Ayrton without a doubt had a natural talent for driving. After watching hours of race footage, the excellent Senna documentary, and interviews of other drivers on their opinions of Senna, I have come to the conclusion that it is impossible to deny his presence among the all-time greats in F1.
Not only was his driving spectacular, but he was also a great character and a kind person. Even though he was incredibly aggressive on the race track, he was genuinely concerned over the safety in F1, and was a strong advocate of several safety reforms throughout his career.
My favorite Senna moment was during qualifying of Spa in 1992, when Erik Comas crashed heavily and was knocked unconscious with his foot on the throttle. The following video explains what happens.

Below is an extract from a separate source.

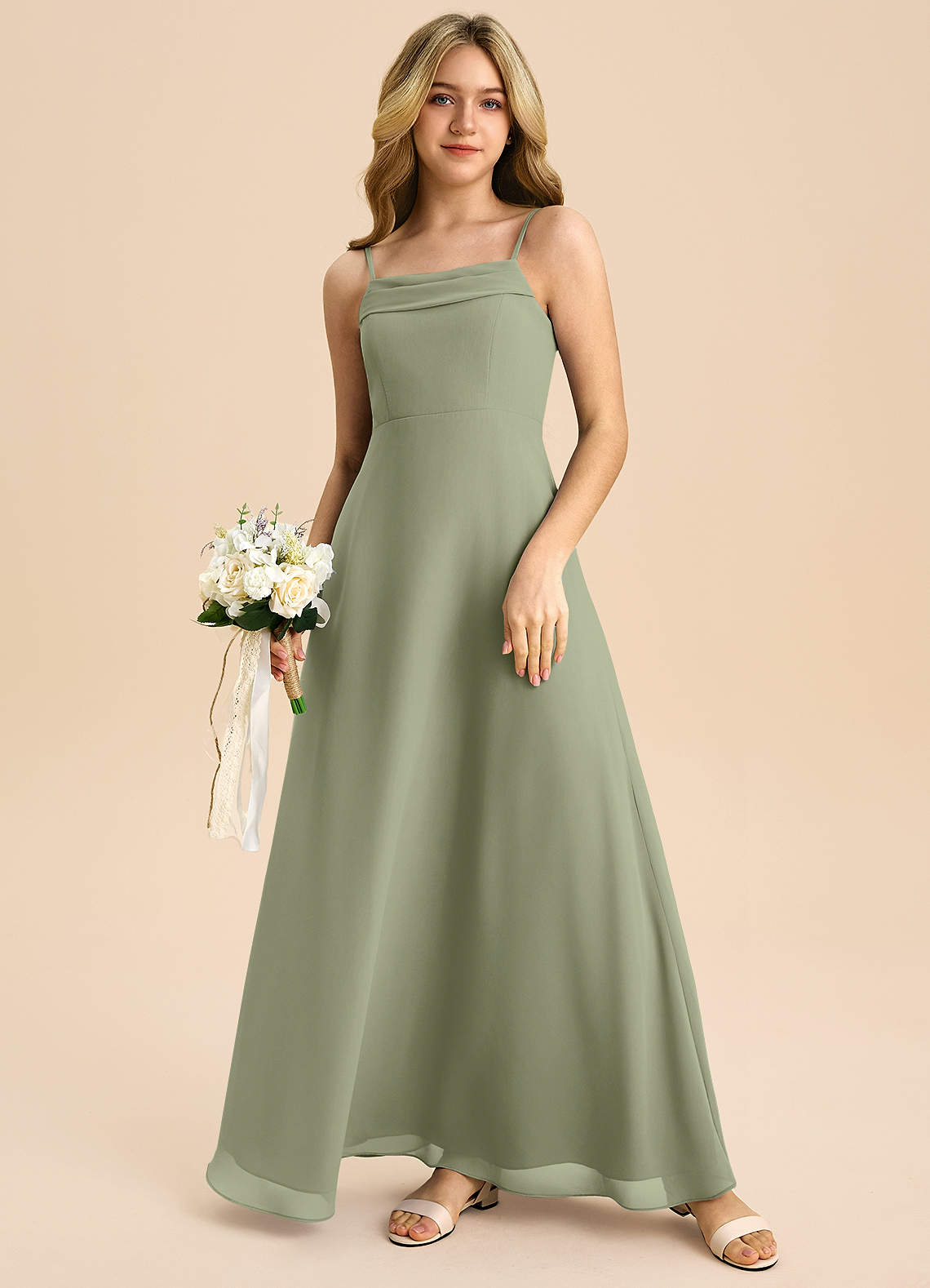 Azazie Anselie Junior Pistachio A-Line Off the Shoulder Chiffon Dress image6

Senna knew that if Comas kept his foot on the throttle for two long, it could result in an explosion or a fire, which would kill Comas. Instead of driving past like the other drivers at the scene, Senna took the time to get out of his car and sprint across the track to rush to the side of Comas. Senna cut the engine and prevented what could have been a tragic event for F1. It is this level of compassion and respect for other drivers that made Senna so special in my mind. His aggression while competing for the title, contrasted with actions like these to save the lives of other drivers makes Senna one of the most interesting characters in F1 history. Some argue whether he was dangerous or not, but nobody can deny that he was a fascinating piece of F1 history.